[DATA FOR THE TASK]

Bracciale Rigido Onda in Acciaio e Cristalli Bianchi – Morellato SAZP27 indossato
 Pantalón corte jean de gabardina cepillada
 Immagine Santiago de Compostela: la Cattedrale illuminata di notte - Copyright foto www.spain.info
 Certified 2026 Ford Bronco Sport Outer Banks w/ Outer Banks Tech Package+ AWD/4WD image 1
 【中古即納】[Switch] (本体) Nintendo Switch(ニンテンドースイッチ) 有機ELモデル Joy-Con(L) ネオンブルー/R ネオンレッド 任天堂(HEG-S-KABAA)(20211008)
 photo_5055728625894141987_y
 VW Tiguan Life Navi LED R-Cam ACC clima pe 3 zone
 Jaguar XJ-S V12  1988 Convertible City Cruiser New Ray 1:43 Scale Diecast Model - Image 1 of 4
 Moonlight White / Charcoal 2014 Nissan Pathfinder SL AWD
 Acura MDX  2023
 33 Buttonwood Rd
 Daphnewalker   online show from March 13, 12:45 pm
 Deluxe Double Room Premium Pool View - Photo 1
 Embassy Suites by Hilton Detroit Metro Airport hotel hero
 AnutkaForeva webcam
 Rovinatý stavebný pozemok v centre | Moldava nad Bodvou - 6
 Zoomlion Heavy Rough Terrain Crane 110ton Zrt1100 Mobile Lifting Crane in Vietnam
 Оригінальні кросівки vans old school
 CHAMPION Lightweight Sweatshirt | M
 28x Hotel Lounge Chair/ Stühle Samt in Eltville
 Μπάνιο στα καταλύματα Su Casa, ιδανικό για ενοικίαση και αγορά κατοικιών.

[/DATA FOR THE TASK]

*REQUIRED ACTION*: Quote the listing above from its first line to the line with "AnutkaForeva webcam", inclusive, and add nothing.

*SOLVED PROBLEM*:
Bracciale Rigido Onda in Acciaio e Cristalli Bianchi – Morellato SAZP27 indossato
 Pantalón corte jean de gabardina cepillada
 Immagine Santiago de Compostela: la Cattedrale illuminata di notte - Copyright foto www.spain.info
 Certified 2026 Ford Bronco Sport Outer Banks w/ Outer Banks Tech Package+ AWD/4WD image 1
 【中古即納】[Switch] (本体) Nintendo Switch(ニンテンドースイッチ) 有機ELモデル Joy-Con(L) ネオンブルー/R ネオンレッド 任天堂(HEG-S-KABAA)(20211008)
 photo_5055728625894141987_y
 VW Tiguan Life Navi LED R-Cam ACC clima pe 3 zone
 Jaguar XJ-S V12  1988 Convertible City Cruiser New Ray 1:43 Scale Diecast Model - Image 1 of 4
 Moonlight White / Charcoal 2014 Nissan Pathfinder SL AWD
 Acura MDX  2023
 33 Buttonwood Rd
 Daphnewalker   online show from March 13, 12:45 pm
 Deluxe Double Room Premium Pool View - Photo 1
 Embassy Suites by Hilton Detroit Metro Airport hotel hero
 AnutkaForeva webcam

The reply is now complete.